## REQUIRED WORK
Would you retype exactly the lines below, starting with the one that has "The Stencil Studio" and going on through the one that has "Image showing the", with no pictures and nothing else?

:: SOURCE DATA

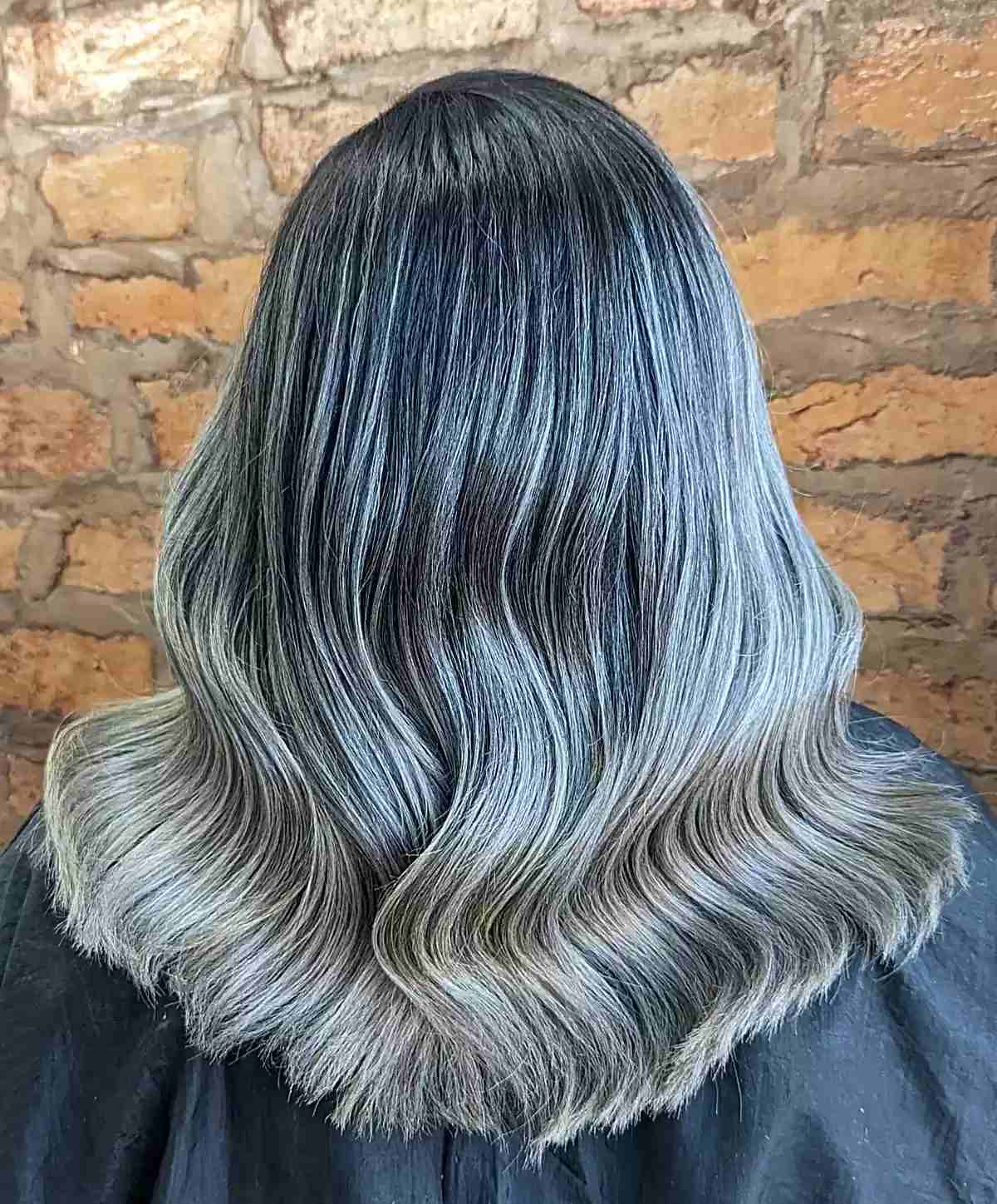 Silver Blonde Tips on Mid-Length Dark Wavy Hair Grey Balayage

::::
:: SOURCE DATA

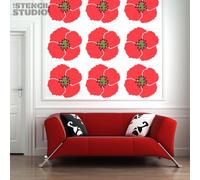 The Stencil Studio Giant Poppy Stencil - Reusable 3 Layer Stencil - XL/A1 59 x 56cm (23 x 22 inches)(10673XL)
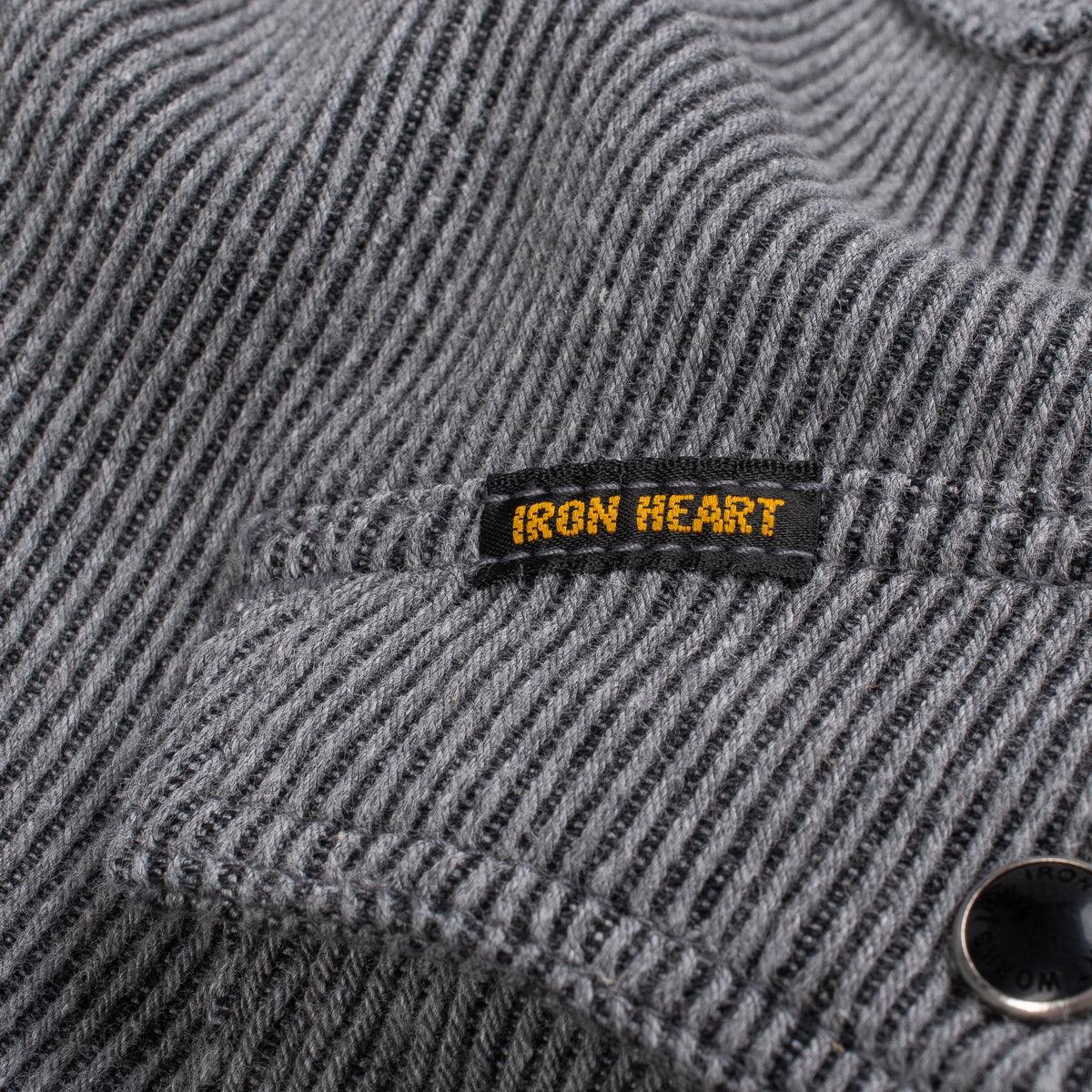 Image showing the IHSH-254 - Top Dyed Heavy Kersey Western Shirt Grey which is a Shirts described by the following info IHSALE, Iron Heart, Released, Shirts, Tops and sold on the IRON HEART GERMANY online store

::::

## ANSWER BOX
 The Stencil Studio Giant Poppy Stencil - Reusable 3 Layer Stencil - XL/A1 59 x 56cm (23 x 22 inches)(10673XL)
 Image showing the IHSH-254 - Top Dyed Heavy Kersey Western Shirt Grey which is a Shirts described by the following info IHSALE, Iron Heart, Released, Shirts, Tops and sold on the IRON HEART GERMANY online store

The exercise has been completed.